Problem statement: Copy the data below exactly. Any pictures in it should be omitted.

Stored data:
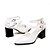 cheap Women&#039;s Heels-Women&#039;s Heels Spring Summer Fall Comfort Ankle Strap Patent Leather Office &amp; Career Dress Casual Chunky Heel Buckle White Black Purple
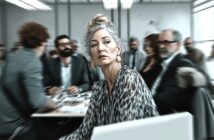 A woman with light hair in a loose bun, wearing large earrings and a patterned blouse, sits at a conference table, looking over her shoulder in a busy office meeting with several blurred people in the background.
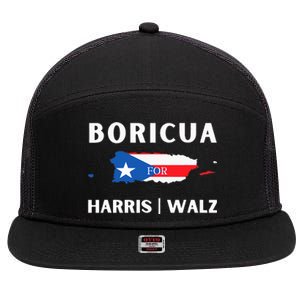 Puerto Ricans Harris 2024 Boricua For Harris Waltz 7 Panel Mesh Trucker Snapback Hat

Solution to this task:
 cheap Women&#039;s Heels-Women&#039;s Heels Spring Summer Fall Comfort Ankle Strap Patent Leather Office &amp; Career Dress Casual Chunky Heel Buckle White Black Purple
 A woman with light hair in a loose bun, wearing large earrings and a patterned blouse, sits at a conference table, looking over her shoulder in a busy office meeting with several blurred people in the background.
 Puerto Ricans Harris 2024 Boricua For Harris Waltz 7 Panel Mesh Trucker Snapback Hat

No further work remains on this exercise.